• Le Sri Lanka, nation insulaire au large du Sud de l’Inde, a obtenu son indépendance en 1948 après plus d’un siècle de protectorat britannique. Les trois principaux groupes ethniques — Cinghalais, Tamouls et Maures — représentent 99 % de la population. La famille Rajapaksa a dominé le pays pendant deux décennies, Mahinda Rajapaksa (le Premier ministre sortant) étant devenu un héros national en 2009 parmi les Cinghalais pour avoir vaincu les groupes rebelles séparatistes Tamouls après des années de guerre civile.
  • Depuis des mois, les Srilankais accusent la famille Rajapaksa des maux qui ont conduit le pays dans une crise économique inédite. L’économie srilankaise s’est complètement effondrée après des mois de pénurie de carburant, d’électricité et de nourriture. Le pays a vu sa dette extérieure considérablement augmenter jusqu’à 51 milliards de dollars suite à la pandémie et au déclenchement de la guerre en Ukraine, causant une forte inflation du prix des matières premières. De plus, le Sri Lanka n’est pas en capacité d’importer du carburant en raison de la dette de 700 millions de dollars de sa société pétrolière, Ceylon Petroleum Corporation1.
  • Les manifestations ont éclaté juste après le discours du président sortant, Gotabaya Rajapaksa, du 16 mars dernier, refusant de porter la responsabilité des problèmes économiques que subit le pays2. Les manifestants ont alors réclamé la démission du président et de toute la famille Rajapaksa sur les réseaux sociaux, et en agitant des bannières #GoHomeGota devant les bâtiments officiels. Ils ont également exigé des enquêtes approfondies sur les actes de corruption à grande échelle commis par la famille, ainsi que sur des crimes politiques.
  • L’ensemble du gouvernement a démissionné le 3 avril dernier, une décision coordonnée ayant permis à Gotabaya de nommer un nouveau cabinet de quatre membres, toujours dirigé par le Premier ministre, son frère Mahinda. Deux autres membres de la famille ont également démissionné, le ministre des Finances et le Gouverneur de la Banque centrale, contraignant le président à appeler l’opposition à former un gouvernement « d’union nationale », sans succès. Mercredi dernier le président sortant, Gotabaya Rajapaksa, a fui aux Maldives avant de remettre sa démission le lendemain, jeudi 14 juillet.

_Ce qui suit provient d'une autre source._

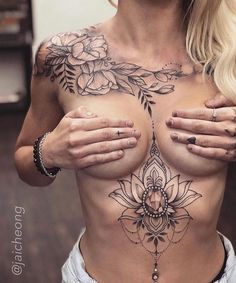 Delicate Tattoos For Women, Underboob Tattoo, Sternum Tattoo, Tattoo Magazines, Tattoo Designs For Girls, Beautiful Body, Chest Tattoo, Piercing Tattoo, Body Tattoos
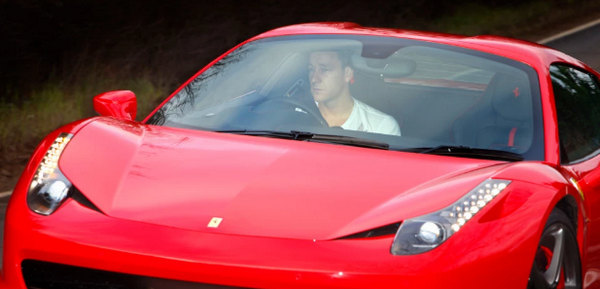 Để phục vụ như cầu đi lại hàng ngày, Terry thường chọn chiếc Ferrari thông dụng, 458 Spider. Thời còn ở Chelsea, phóng viên thường bắt gặp Terry đến sân tập bằng chiếc xe này.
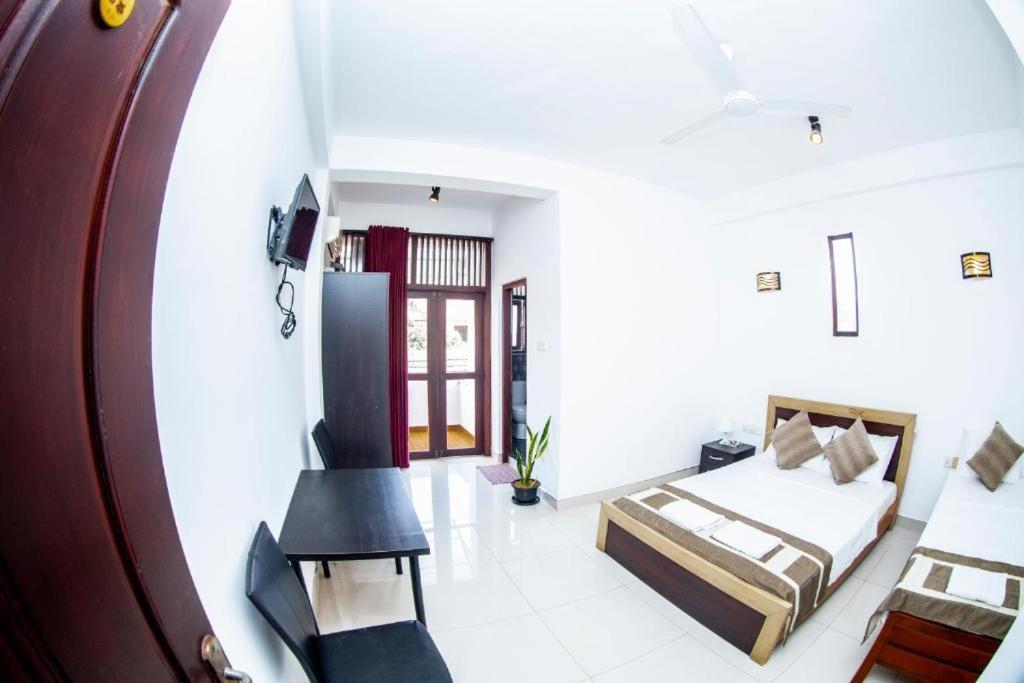 Hotel Blue Bird Νεγκόμπο Εξωτερικό φωτογραφία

  • La profonde impopularité du nouveau président, Ranil Wickremesinghe — considéré par la population comme proche de la famille Rajapaksa, ce dont il se défend — pourrait raviver les braises des manifestations, alors que le pays a besoin de stabilité politique pour pouvoir reprendre ses négociations avec le FMI. Après 4 ans au Parlement et 6 mandats en tant que Premier ministre, le nouveau président srilankais ne semble pas en mesure d’apporter le renouveau politique réclamé par la population3.
  • Ses priorités sont pour le moment de signer un accord avec le FMI afin d’assurer un approvisionnement régulier du pays en carburant. Sur demande des manifestants, il s’est également engagé à créer un « Conseil du peuple » pour éclairer les prises de décision du gouvernement en vue d’une reprise économique. Wickremesinghe souhaite rompre avec certaines politiques économiques initiées par son prédécesseur, et se concentrer sur le secteur du tourisme au lieu de promouvoir une économie d’exportations4. À peine élu, sa profonde impopularité auprès de la population pourrait toutefois entraver toutes tentatives de réforme, faute de légitimité.
Sources
  1. « Sri Lanka’s prime minister says economy has ‘completely collapsed’ »,The Guardian, 22 juin 2022.
  2. « President Gotabaya Rajapaksa’s special address to the nation », Ministère des médias du Sri Lanka, 16 mars 2022.
  3. Simon Fraser, Robert Plummer et George Wright, « Ranil Wickremesinghe : The six-time Sri Lankan PM who became president », BBC, 20 juillet 2022.
  4. Emily Schmall et Mujib Mashal,« Ally of Ousted Sri Lanka President Is Chosen to Replace Him », The New York Times, 20 juillet 2022.